** Provided data follows **

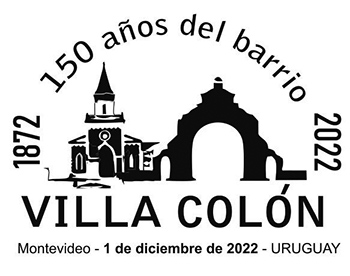 Silueta de iglesia de Villa Colón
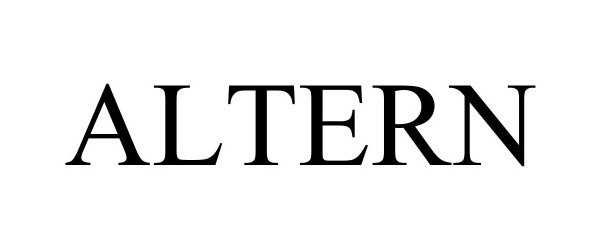 Trademark Logo ALTERN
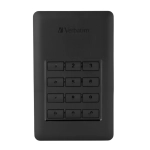 Dysk przenośny HDD na szyfr Verbatim Store 'n' Go 1 TB Czarny - Black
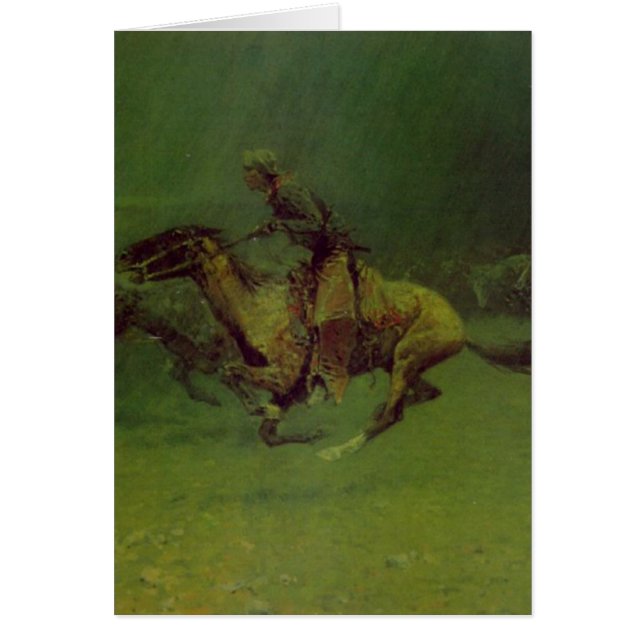 Stampeden Hälsningskort (Framsidan)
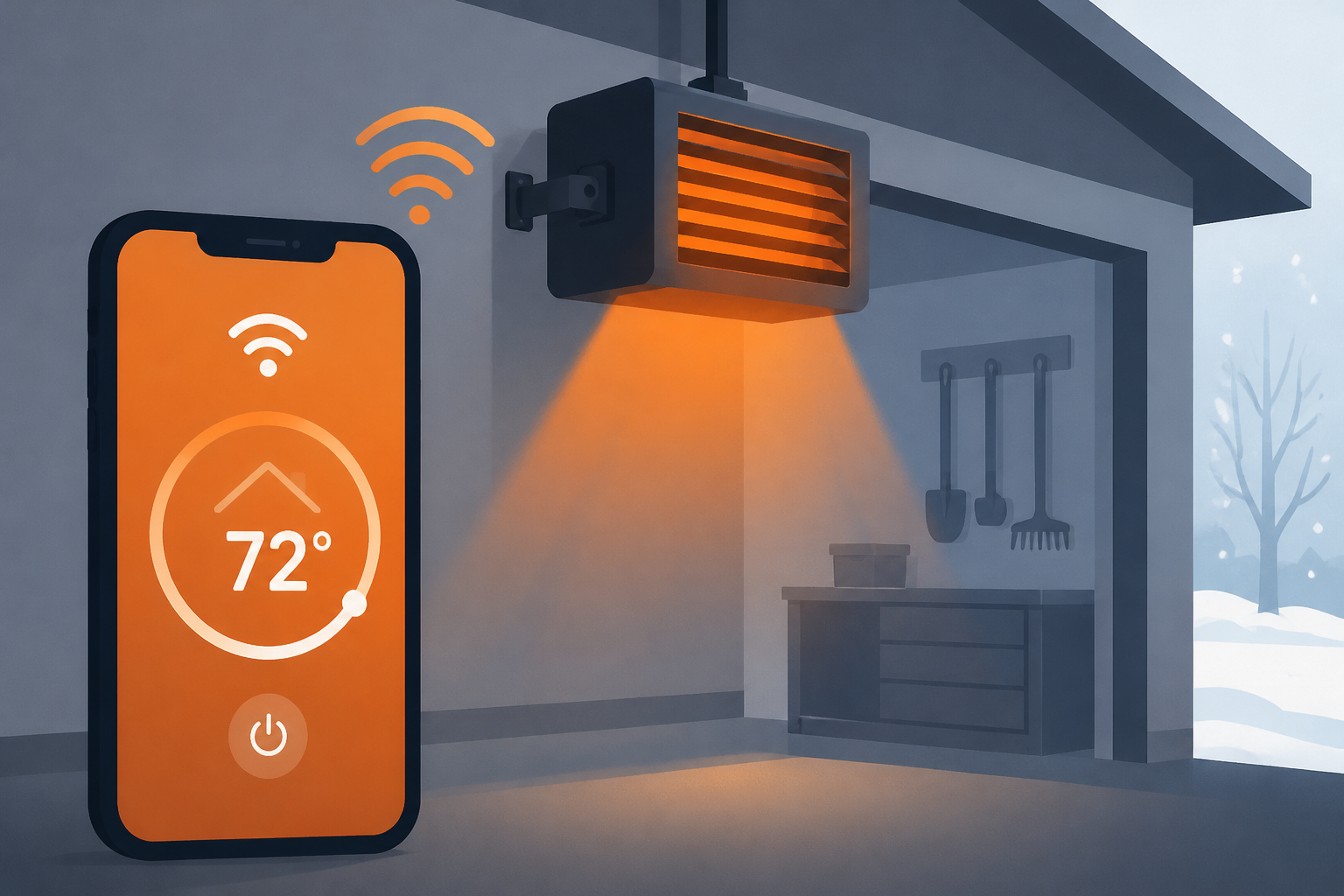 Heat Your Garage During Cold Months With A Wi-Fi Enabled Solution From Home Depot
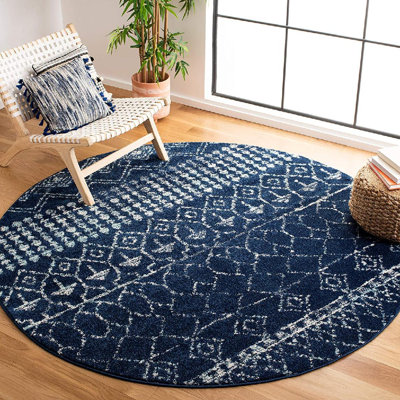 Cobos Geometric Navy Area Rug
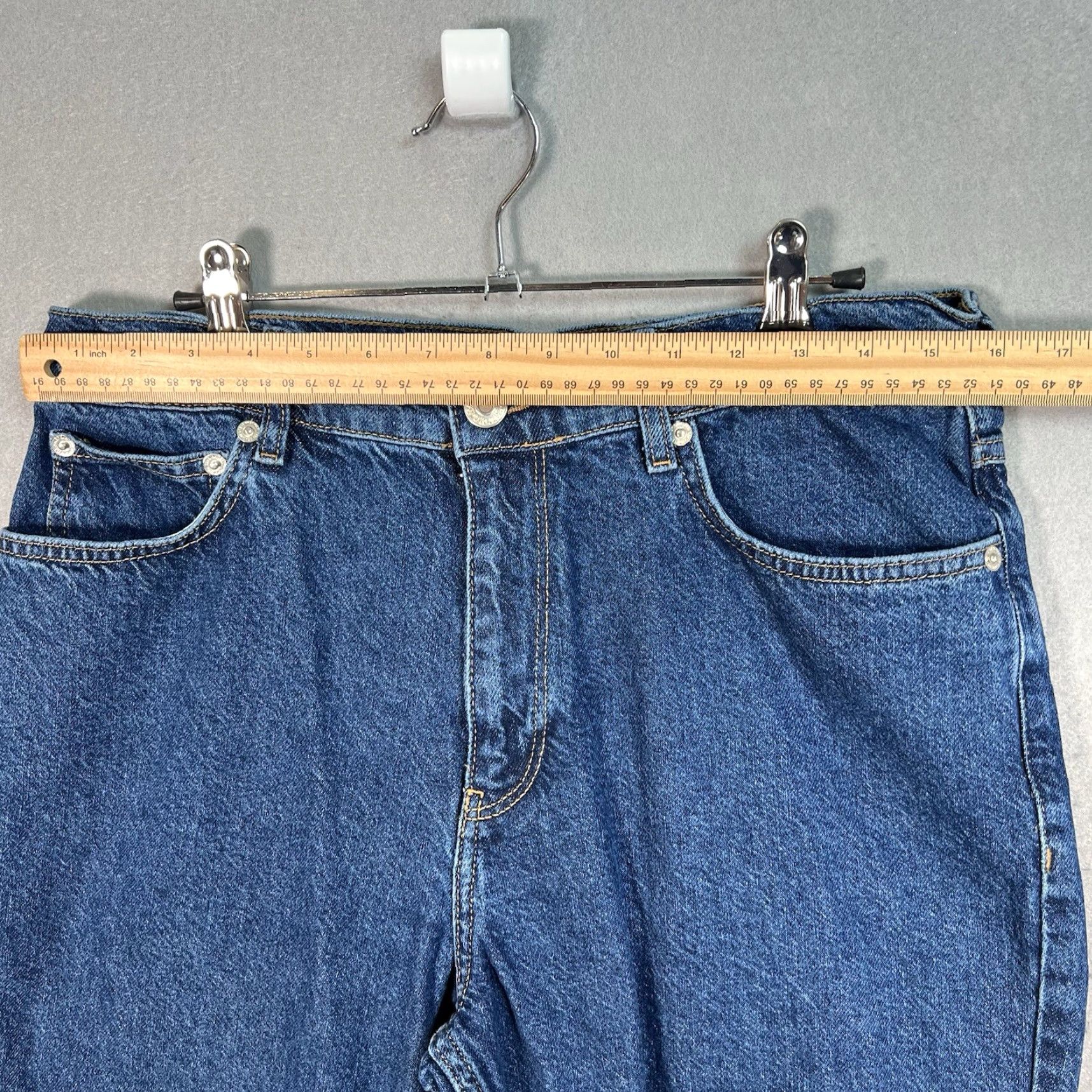 Mango VINTAGE Mango Denim Jeans Womens 10 Blue Medium Wash 100% Cotton Mom Shirt Size 32" / US 10 / IT 46 - 2 Thumbnail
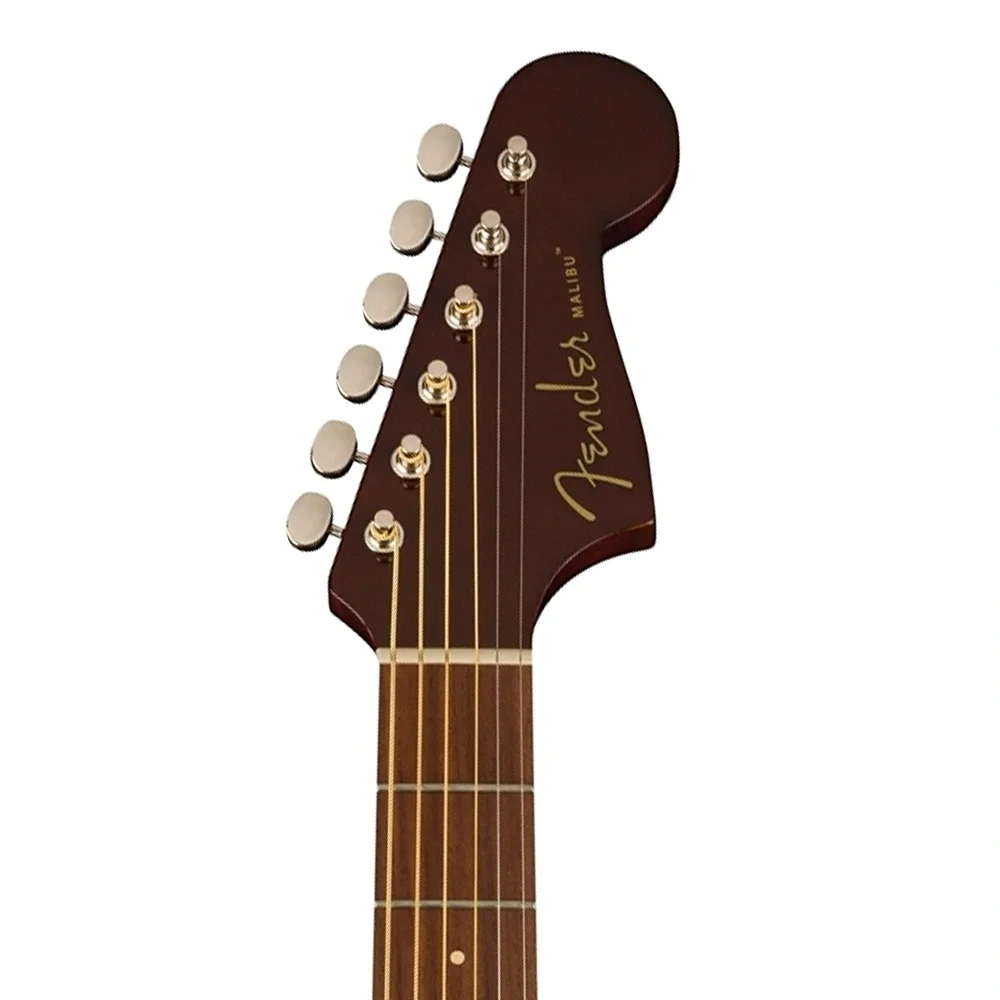 Fender Malibu Player Ceviz Klavye GPG Natural Elektro Akustik Gitar
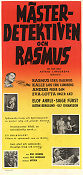 Mästerdetektiven och Rasmus 1953 movie poster Elof Ahrle Writer: Astrid Lindgren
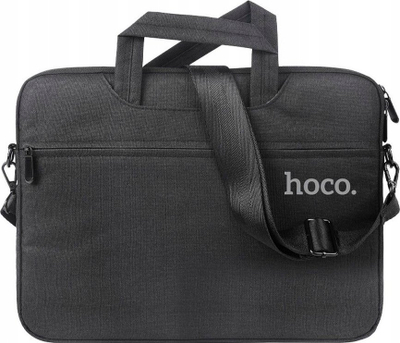 Çantë laptopi Hoco GT1, 14", me rrip shpatulle, e zezë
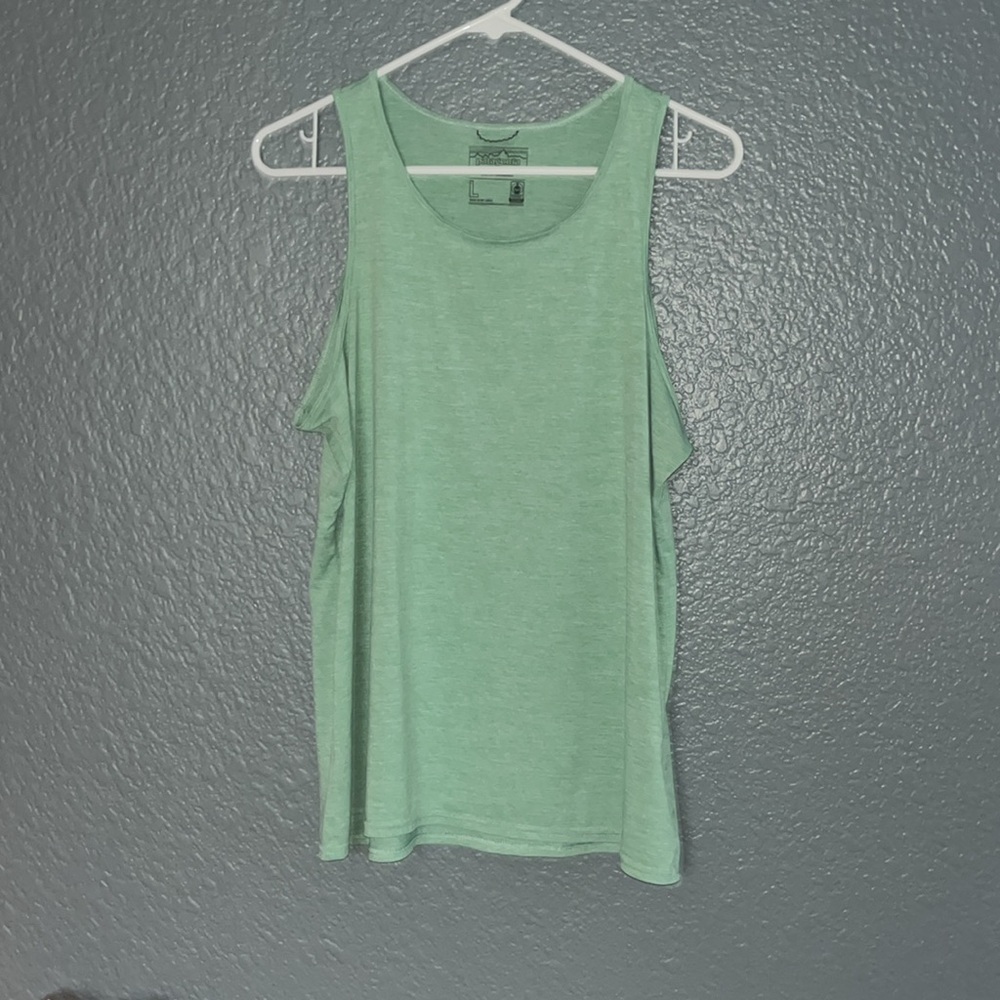 Patagonia Green Sleeveless Relaxed Tank Top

** End of Provided data **

→ What is being asked: Within the data above, repeat exactly the lines from the one bearing "Cobos Geometric Navy Area Rug" through the one bearing "Mästerdetektiven och Rasmus". Include no pictures and nothing else.

→ Task result:
 Cobos Geometric Navy Area Rug
 Mango VINTAGE Mango Denim Jeans Womens 10 Blue Medium Wash 100% Cotton Mom Shirt Size 32" / US 10 / IT 46 - 2 Thumbnail
 Fender Malibu Player Ceviz Klavye GPG Natural Elektro Akustik Gitar
 Mästerdetektiven och Rasmus 1953 movie poster Elof Ahrle Writer: Astrid Lindgren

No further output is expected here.